Utilicé mi pequeño bolso huichol para guardar mi pasaporte, los billetes de avión de ida y vuelta, comprados con el dinero de una libreta de dibujos que haría en Galicia; y mi seguro de viaje, que le cambié a un coleccionista que tenía una agencia, por uno de mis cuadros. Traía la reserva de hotel, los cheques de viajero, dinero en efectivo de los últimos cuadros que vendí y los datos de donde me quedaría.

Entrar a España, que es también Europa, implicaba traer una serie de cosas, que según la «intuición» del o la policía en turno te podían pedir o medio pedir. En mi caso, fueron el pasaporte, el vuelo redondo, la reserva de hotel y solo me preguntó si traía dinero, al hacer el amago de enseñarle los cheques de viajero, me dijo que estaba bien, que pasara.

Hace quince años que llegué, primero a Madrid, porque los «panchitos» como yo, viajamos en avión, y unos días después, en autobús a Galicia. Al salir de la estación de buses, lo primero que vi fue la rotonda que hay enfrente, más adelante también está la estación de trenes.

No sabía que era una persona migrante, yo creía que era una persona que viajaba de un país a otro por diversos motivos profesionales y personales. Pero me convertí en migrante, me avisaron que lo era, sobre todo el Estado, un migrante con algunos privilegios (por el afecto y cuidado de quienes me rodean), pero no por esa razón sin dificultades. En muchas ocasiones he escuchado en tono despectivo: las colombianas esto… los negritos lo otro, era de fora, no se adaptan, nos quitan el trabajo, y después mirarme a mí y aclarar, ¡Ay pero tú no!

Tomábamos un café, cuando entró un chico negro a vender música y películas (no lo recuerdo con precisión), me sobrecogió ver el desprecio en el rostro de varias personas, al decirle que no querían nada. Todo fue lento, pero constante. Llevo muchos años viviendo el proceso de ser migrante. Me fui desprendiendo de mi «identidad», porque así era más fácil comunicarme, trabajar y estar aquí, había que dar menos explicaciones. Después decidí que ya era suficiente, no me sentía cómodo e hice el proceso inverso. Recuperé aquello de lo que me desprendí y comencé a hacer apología de ello. Pero en el camino se pierden cosas.

He vivido en primera persona el racismo cotidiano y el institucional. También lo he visto en otras personas migrantes, con menos privilegios que yo, y mi rabia, convertida en acción era antirracismo, sin saber nombrar al antirracismo. Desprenderme mentalmente de colonialismos aprendidos en México e impuestos también aquí, supe tiempo después que era decolonialismo. Ahora me siento mucho mejor, soy más consciente de mi «ser inmigrante», me he apropiado de las palabras «migrante», «inmigrante», «panchito», «de fora» y «morenito». Y eso lo ha cambiado todo. Aprendo y actúo en el antirracismo y en el decolonialismo, lo intento todos los días.

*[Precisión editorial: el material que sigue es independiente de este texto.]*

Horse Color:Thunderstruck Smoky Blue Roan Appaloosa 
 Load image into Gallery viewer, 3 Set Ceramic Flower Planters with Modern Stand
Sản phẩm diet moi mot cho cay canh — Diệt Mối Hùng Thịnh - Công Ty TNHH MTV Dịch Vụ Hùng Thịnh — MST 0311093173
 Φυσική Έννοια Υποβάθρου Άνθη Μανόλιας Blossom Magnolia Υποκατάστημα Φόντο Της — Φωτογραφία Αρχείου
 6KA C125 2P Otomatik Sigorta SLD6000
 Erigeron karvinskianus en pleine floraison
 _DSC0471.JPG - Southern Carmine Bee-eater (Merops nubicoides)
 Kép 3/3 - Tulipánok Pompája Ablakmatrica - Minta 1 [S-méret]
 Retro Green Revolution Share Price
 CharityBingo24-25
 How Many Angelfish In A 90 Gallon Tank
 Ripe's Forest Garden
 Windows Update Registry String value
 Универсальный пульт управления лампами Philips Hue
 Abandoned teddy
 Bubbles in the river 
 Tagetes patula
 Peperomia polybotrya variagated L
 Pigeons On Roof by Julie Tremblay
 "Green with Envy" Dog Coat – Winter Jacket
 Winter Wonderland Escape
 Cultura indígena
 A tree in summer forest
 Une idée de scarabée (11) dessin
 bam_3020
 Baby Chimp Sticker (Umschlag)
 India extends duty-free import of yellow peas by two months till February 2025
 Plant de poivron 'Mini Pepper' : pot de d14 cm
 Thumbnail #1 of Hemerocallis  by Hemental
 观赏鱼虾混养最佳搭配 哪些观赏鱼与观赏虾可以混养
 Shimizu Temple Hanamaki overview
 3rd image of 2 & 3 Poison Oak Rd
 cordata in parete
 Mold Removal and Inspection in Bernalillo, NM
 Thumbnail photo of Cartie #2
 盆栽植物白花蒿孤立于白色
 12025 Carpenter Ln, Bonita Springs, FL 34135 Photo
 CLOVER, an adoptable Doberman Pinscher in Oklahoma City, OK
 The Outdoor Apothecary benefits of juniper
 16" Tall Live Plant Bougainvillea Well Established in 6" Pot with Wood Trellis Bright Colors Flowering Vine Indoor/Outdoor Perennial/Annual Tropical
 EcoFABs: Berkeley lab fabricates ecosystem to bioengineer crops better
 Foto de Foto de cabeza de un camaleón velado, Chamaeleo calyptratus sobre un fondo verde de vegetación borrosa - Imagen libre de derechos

Después de tantos años, recuerdo unas palabras de Justo Ilhuicamina (pintor mexicano que vive en Redondela), que dijo en la entrevista que le hicimos para «Un lugar para descansar»: «Cuando salí de México por primera vez, siempre supe que era un viaje que no tenía vuelta, es muy probable que nunca más vuelva (conceptualmente hablando)… Estuve el año pasado ahí, pero no era el mismo que se fue, yo nunca volví a México, no he vuelto, posiblemente nunca lo haga.» En su momento me podía imaginar lo que significaban, pero no lo entendía, ahora creo que lo comprendo un poco mejor.

Siento que ser una persona migrante es estar en una eterna rotonda, dándole vueltas a todo, sin la certeza de cómo se sale de ahí y qué rumbo tomar, qué camino elegir, porque a veces las circunstancias nos lo complican todo, las personales, las abstractas, como la burocracia del país que sales y la del país al que entras, o el racismo. Por eso me hace mucha gracia esa rotonda en Pontevedra, lo primero que vi al llegar, y que la recuerdo casi a diario, como metáfora de vida. Ah, en México les llamamos glorietas, no rotondas.

Augusto Metztli.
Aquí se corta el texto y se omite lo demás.